**What you are asked to do**
Write out the stretch of lines below that begins at the line with "Lantana Apartments in" and ends at the line with "Used 2021 Jeep Gladiator Sport image 46", including both, exactly as given and nothing more.

**Supplied material**
━━━━━━━━
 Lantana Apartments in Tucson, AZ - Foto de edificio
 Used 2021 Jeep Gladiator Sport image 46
━━━━━━━━
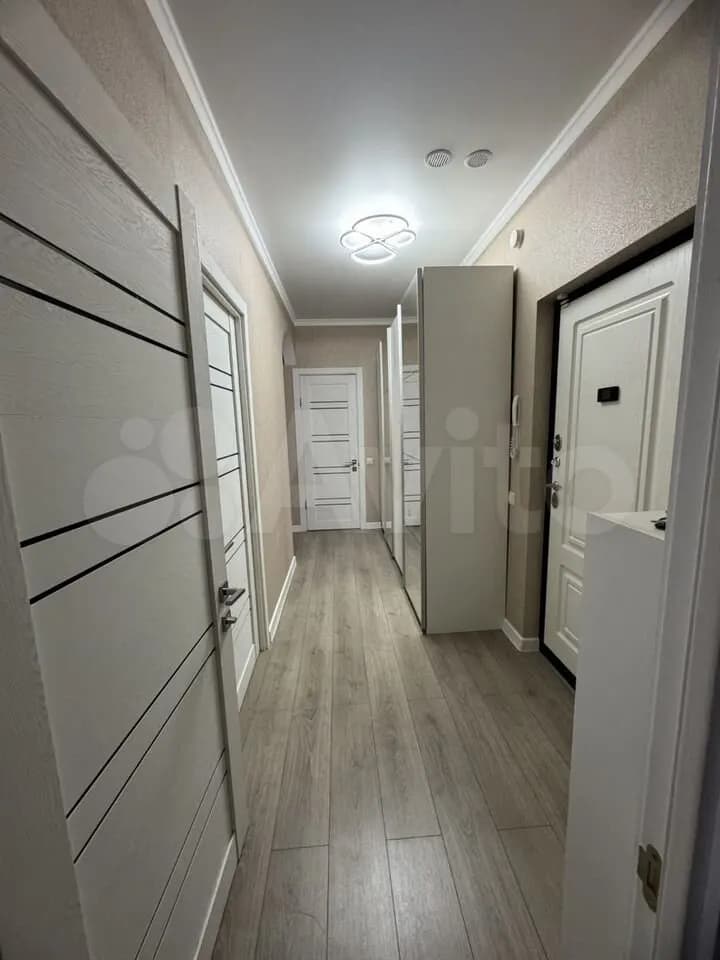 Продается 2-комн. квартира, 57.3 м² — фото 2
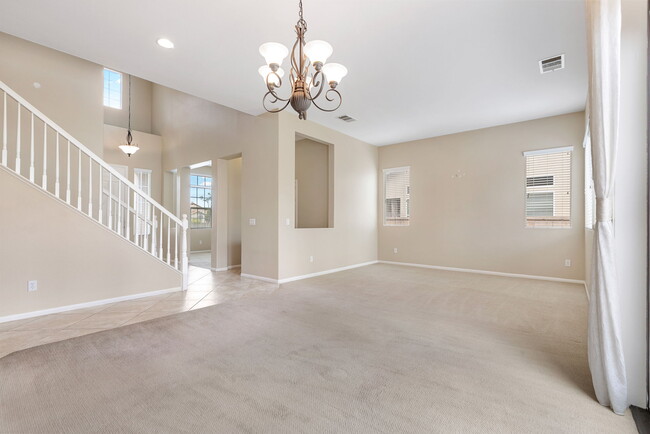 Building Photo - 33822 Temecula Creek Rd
━━━━━━━━
**Answer below**
 Lantana Apartments in Tucson, AZ - Foto de edificio
 Used 2021 Jeep Gladiator Sport image 46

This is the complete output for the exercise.